Read the Oct 30th version of
http://paper-money.blogspot.com/

Look at those charts.
More scary than any haunted house. Turnaroudn in early 09 by butt..

Man is this ever going to get ugly. A lot of idiots in overpriced condos with ARMs and tapped out plastic are going to see their Lexus SUVs repo'ed before the dust has settled.

Looks like W is going to be this century's Hoover...

H.

sid_finster said...

According to Ben Stein, there will be no recession, because Fed will not let it happen.

My trolls, is it not obvious that Ben doesn't get it? The Fed is running out of tools - they can only lower interest rates so far; they can only punish savers and reward borrowers only so much.

And doing so only staves off the day of reckoning a little while longer.

Sweet Cashback said...

I don't know what all this doom and gloom here is about.
Economy indicators going strong, inflation indicators low, plenty of plastic left out there to charge stuff to, interest rates going down, Walmart slashing prices, house prices low for super sweet dealz(tm).

So lets celebrate with some of this non-inflationary "Champagne" from California. Yeah, can't afford the real stuff anymore....

Peripheral Visionary said...

I've actually been spending a bit more than in the past, but that's mainly because I'm transitioning away from graduate school mode into career mode. But none of it is going on the plastic, it's all cash, and I'm still making big payments on the student loans, which I'll be out of sooner rather than later. I know, the Fed is doing everything it can to encourage me to increase my debt rather than decrease it, but I'm sticking with my silly old-fashioned ways. Good-bye, sweet leverage™.
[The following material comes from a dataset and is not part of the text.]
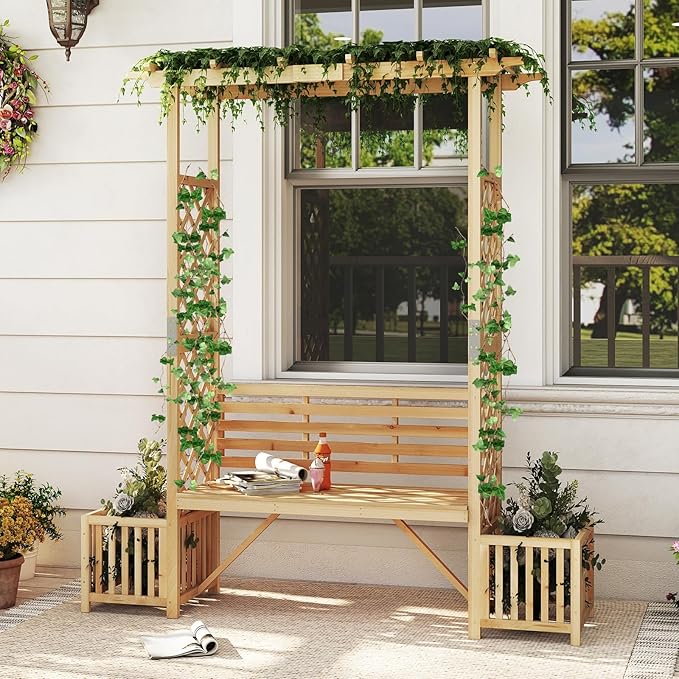 Giantex Outdoor Bench with Garden Arbor & 2 Planter Boxes, Wooden Trellis for Climbing Plants & Vines, Outside Pergola for 2-People Seating, Decoration for Porch, Patio, Yard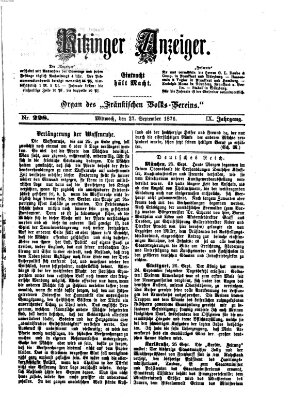 Kitzinger Anzeiger Mittwoch 27. September 1876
As for today, I'm not expecting any earth-shaking moves from the Feds or from the markets. I think what will be notable will not be the market's reaction to the Fed, but rather the lack of reaction to the Fed. At some point it will become clear that the Fed just isn't in control the way that it used to be, and at that point, the fear will start creeping back in.

Of course, the Fed could reassert control by holding rates or even raising them, but . . . yeah, they're not going to do that. Wall Street's running this show, which, ironically, is bad news for Wall Street.

Anonymous said...

to bad Bernanke won't listen to this guy

http://www.washingtonpost.com/wp-dyn/content/article/2007/10/30/AR2007103002092.html

The final exam begins today, when Bernanke will either show that he is capable of standing up to the insatiable demands of Wall Street, or that he is so spooked by the prospect of being blamed (unfairly) for triggering a financial meltdown that he puts the short-term interests of big banks and investment houses before the long-term interests of the global economy.....

So now, if the Bernanke Fed wants to retain its credibility and independence -- if it wants to have the flexibility to cushion the coming downturn without stoking inflation or creating a new set of bubbles -- then there is only one thing to do today:

Look Wall Street in the eye and just say no.